Later on in the evening, he filed a report on AC360 after having interviewed California Governor Arnold Schwarzenegger. There has been much positive response and praise for the Governor’s handling of the situation. John drew some comparisons between the public’s attitude towards Louisiana officials over two years ago and the current attitude in California:
“Anderson, you remember those days just after Katrina, when the mayor of New Orleans and the governor of Louisiana were in so much political hot water, heckled and hassled when they went out in public.Not Arnold Schwarzenegger. Walk into an evacuation center with him, there is a standing ovation. People want his autograph. They want to take his picture. Spend a day with the governor, and what you see is a bit of celebrity crisis management.”
John had an opportunity to sit down with Gov. Schwarzenegger and ask a few questions.
Here is an excerpt which aired on AC360 last night.
KING: Tell me the personal lessons you learned, both from a style standpoint and a substance standpoint, about being a leader, from watching the debacle of Katrina.
SCHWARZENEGGER: Well, I think the most important thing is, don’t sit around in your office and try to make decisions out of the office. You have got to be with the people. It’s the most important thing. You have got to go out there and you’ve got to visit all the fire sites. You’ve got to shake hands with the firefighters, you’ve got to encourage them, you have got to pump them up, you’ve got to tell them they’re the greatest in the world. You’ve got to work with the local communities, with the elected officials and with others. You have to work with the Red Cross. You have to work with the private sector. You have to call the Grocers Association to make sure they deliver food right away to all of those various different places, you know, where people stay overnight. So I think that being out there with the people is the key thing.
KING: One of the criticisms or questions in the days after has been, some think it took too long to get California Air National Guard assets up in the air to douse the fires. Some had said it was the winds, other weather conditions. Others have said the state was slow to answer the phone or to issue the orders. What was it?
SCHWARZENEGGER: Well, I think it is very clear that we had a big disadvantage because of the winds. You know, we had 90 aircraft here in California. We had six additional aircraft from the federal government that can drop a huge load of water and chemicals and others. But we could not use some of those equipments and some of those aircrafts because of the wind conditions.
This morning, the headline at CNN.com is “Fire crews gaining upper hand as winds calm” This is at least some good news amidst all the difficult challenges the firefighters and other rescue officials are facing at the moment.

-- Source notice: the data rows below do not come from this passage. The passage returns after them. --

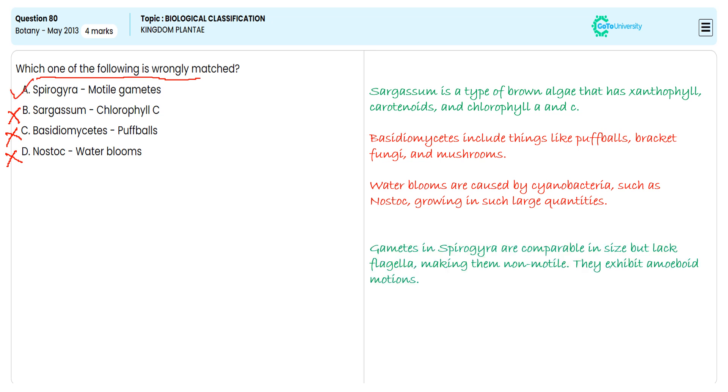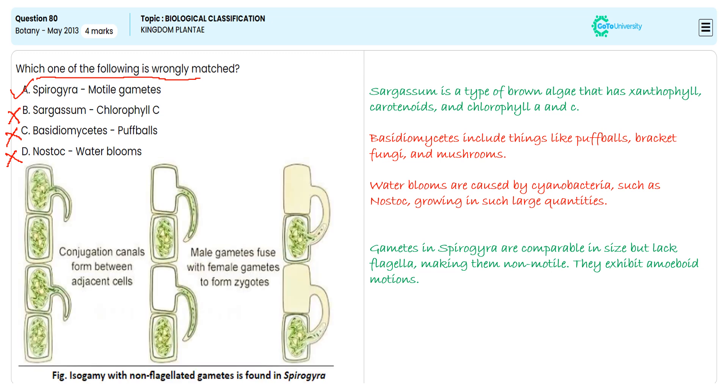So we are specifying this option A again for this particular question. With this illustration, you can see the motility is not observed in Spirogyra, so we are observing amoeboid movement.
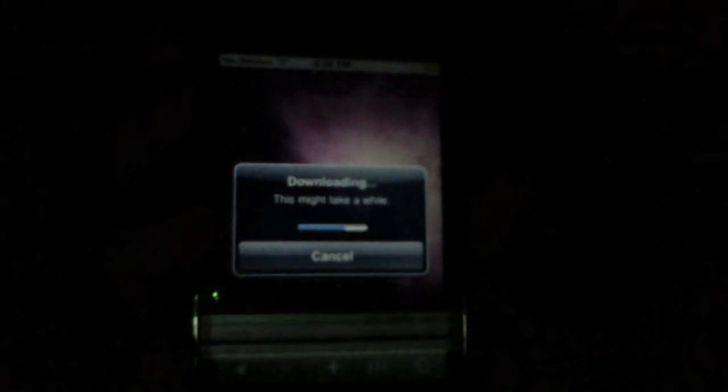And it's going to give you 'this might take a while.' Just downloading.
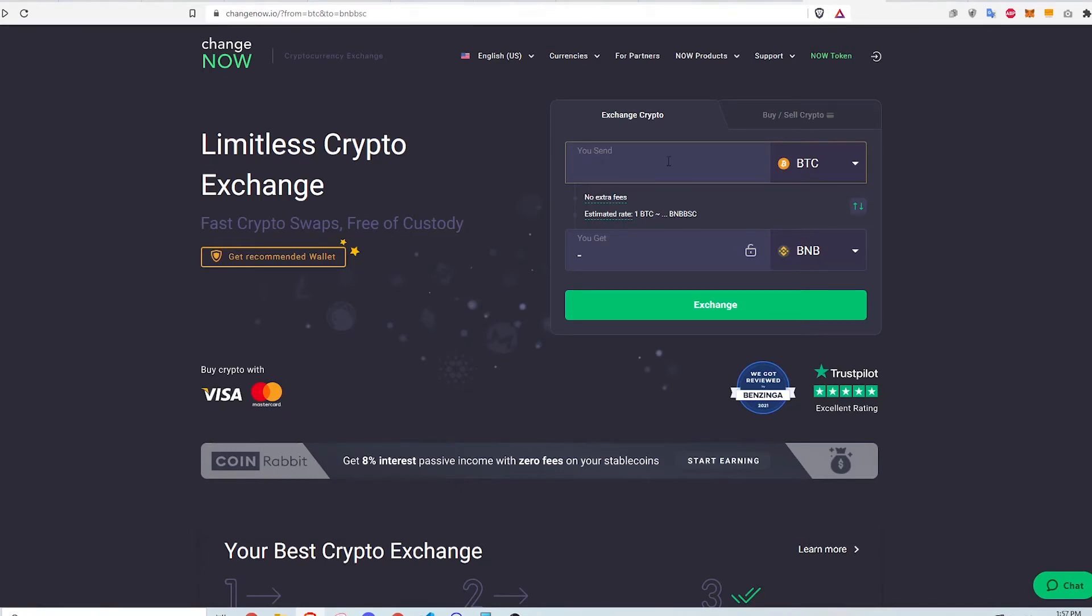Hi, this video will show you in a few easy steps how I swap Bitcoin to Binance Coin without the use of the Binance exchange.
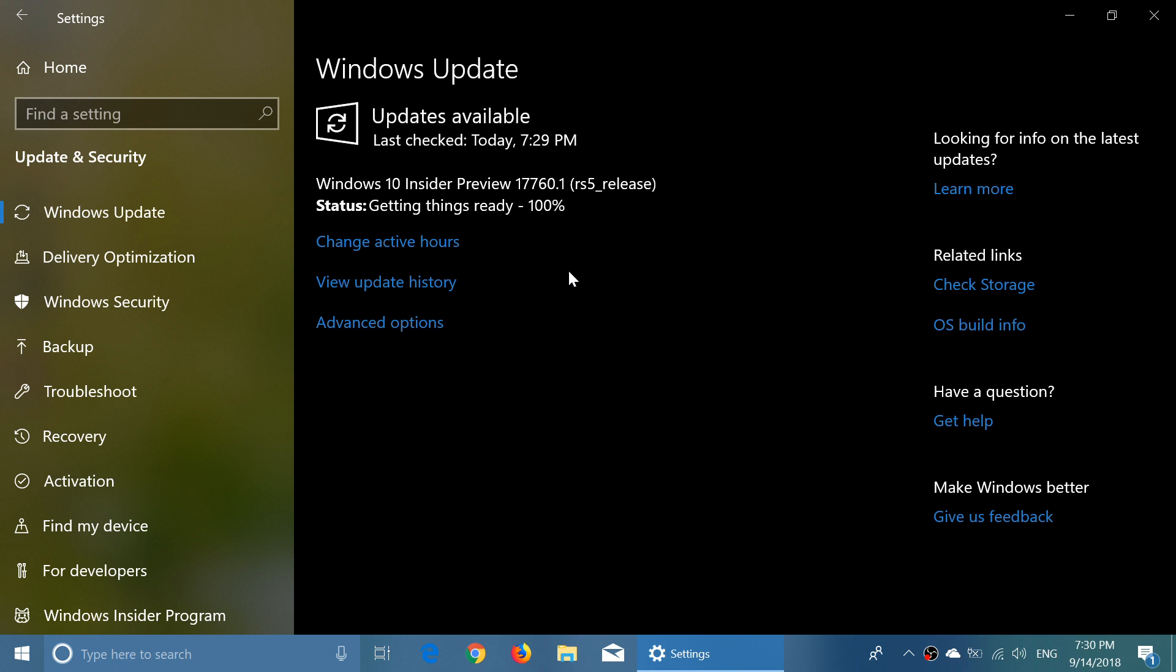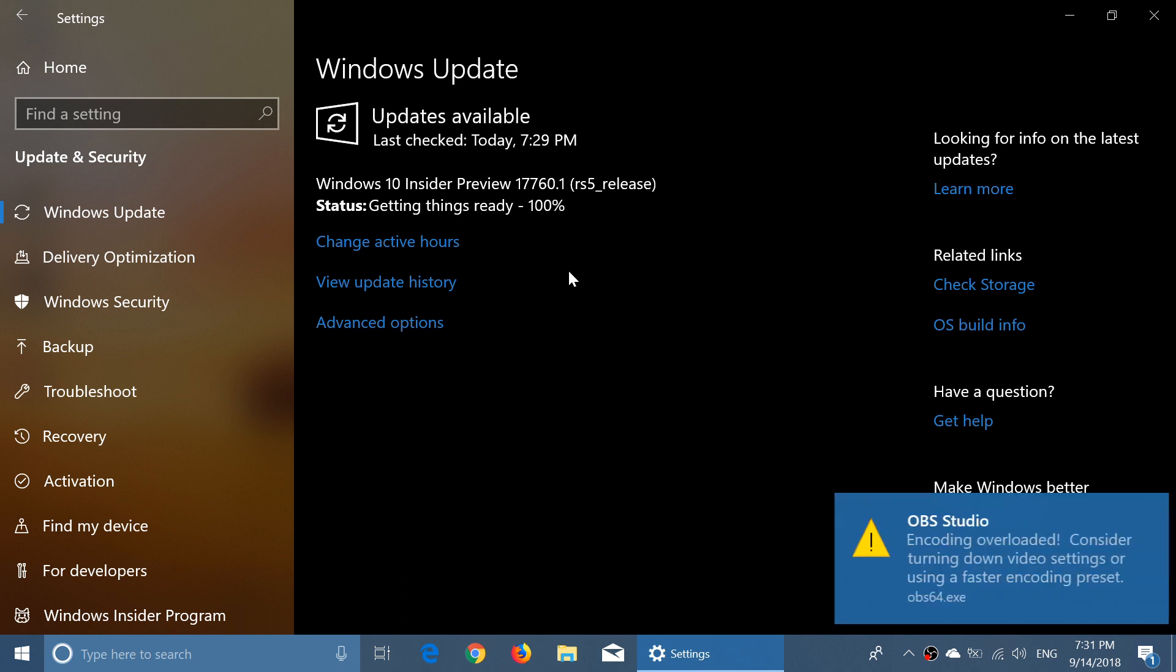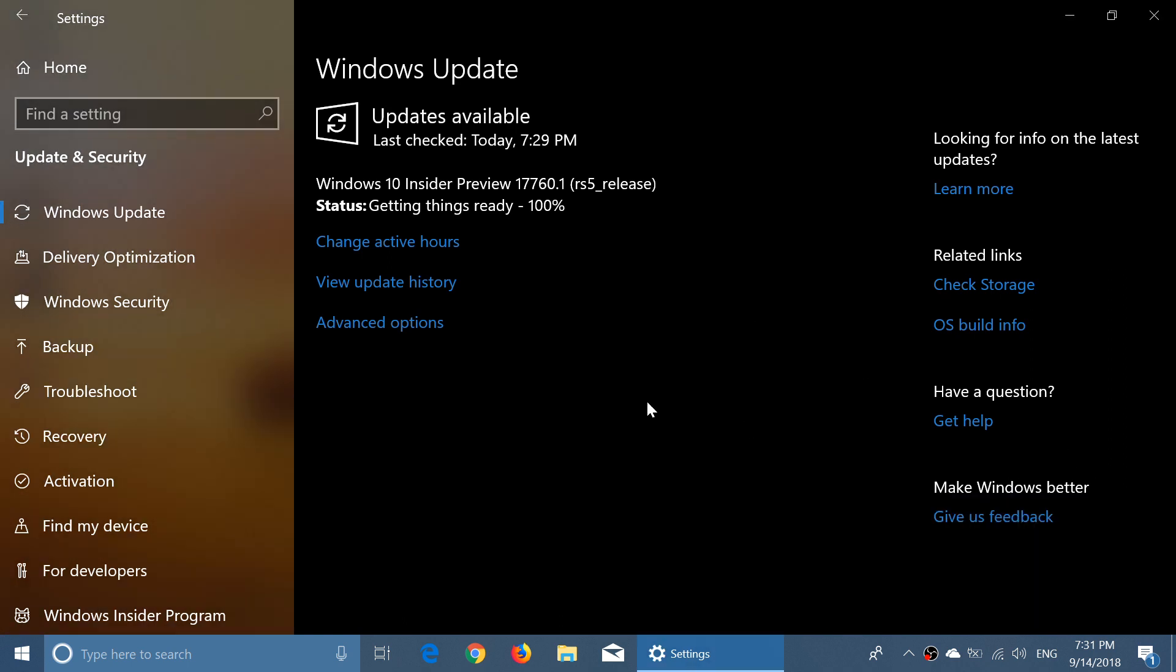Build 17760, released for Fast Ring, and it was released today, a couple of hours ago, not that long ago actually.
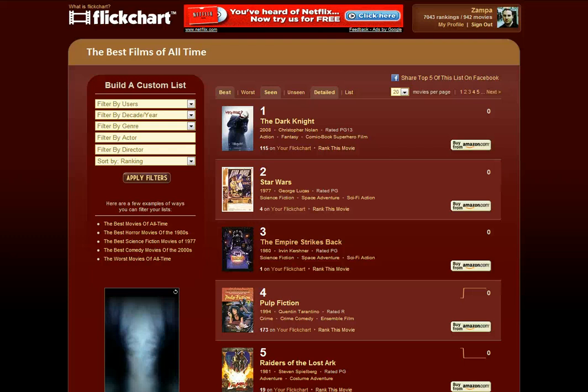Hi, this is Nathan from FlickChart, and we're back again with another edition of FlickChart 101. In this video, we're going to talk about how to use the charts to find some movies that you haven't seen and find some recommendations for films that you might like.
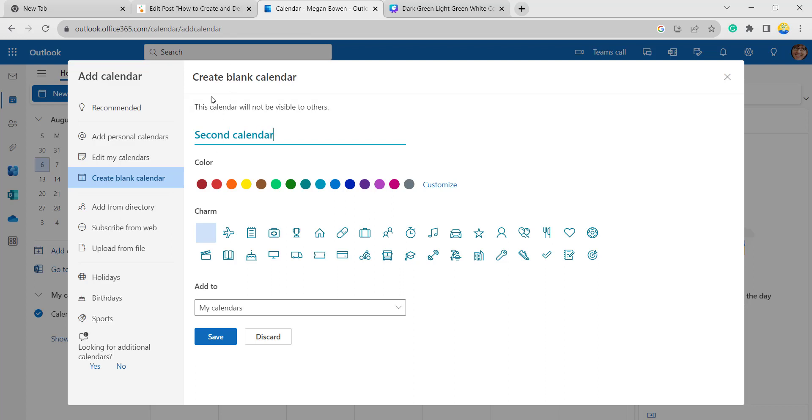Whatever color you want to choose, that color will be in that text. If I am choosing this color, the text color will be changed to that color.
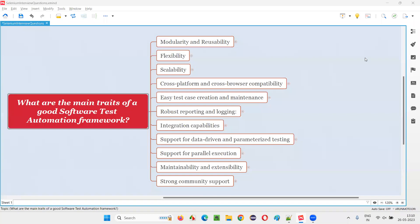Hello, all. Welcome to this session. In this session, I am going to answer one of the Selenium interview questions. That is, what are the main traits of a good software test automation framework? Let me answer.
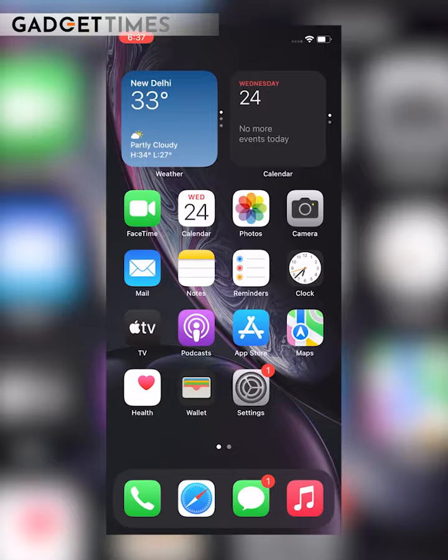Hey guys, Apple has been around for more than a decade but did you know ki aapke iPhone ka back logo — the Apple logo — is actually a functional button? Well, I bet some of you didn't. So here's how you can activate it.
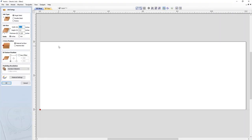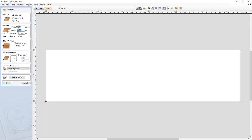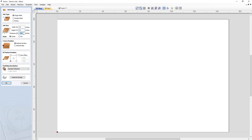Let's start by creating a new file. Here we're in the job setup form. We're going to select a single-sided job, then we need to specify our job size — that's the width, height, and thickness of the part that you want to make. In this case, we want to go with a width of 15 inches, a height of 10 inches, and the material thickness we're going to be working with is half an inch.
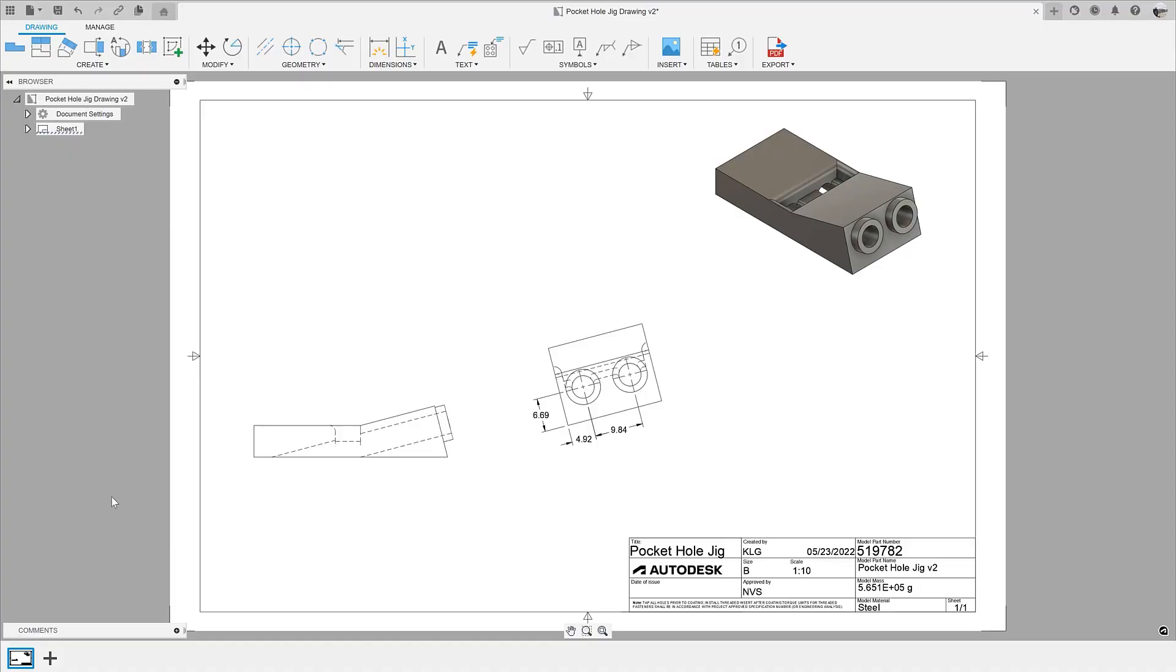With this May 2022 release, the main addition to the drawing environment is the addition of auxiliary views.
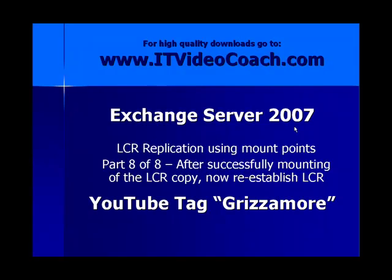So this Part 8 is going to show you how to establish an LCR copy on an up and running storage group. The very first video presentation we showed you was how to build it from scratch when we had two drives available to us to actually build the original storage group and the LCR copy kind of as we went along. This one's going to show you how to create it after the fact.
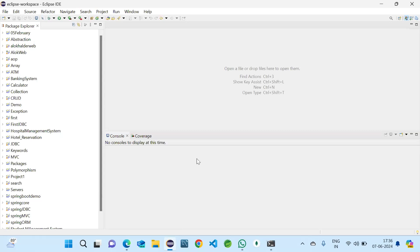Hello. Have you filled the form? Yes, I have. Okay, today we are going to discuss a project which is employee management system using JDBC.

This picture was at the CNN.com homepage, which I found to be a particfularly appropriate image. It is a stark reminder of our duty to be appreciative of all the rescue personnel who are braving the harsh elements to protect American citizens and their properties.
I also read that now investigators are pretty certain that a least one of the major wildfires was due to arson. What a shame. If it had been natural causes, I can imagine many people might have somewhat of a different perspective about their losses. But to know that it was deliberately set is terribly sad indeed.
Once all the smoke and embers have died out, we should get a better understanding of what really happened to set off this extraordinary chain of events. In the days and weeks to come, CNN will no doubt provide us with coverage and analysis of the wildfire causes and origins.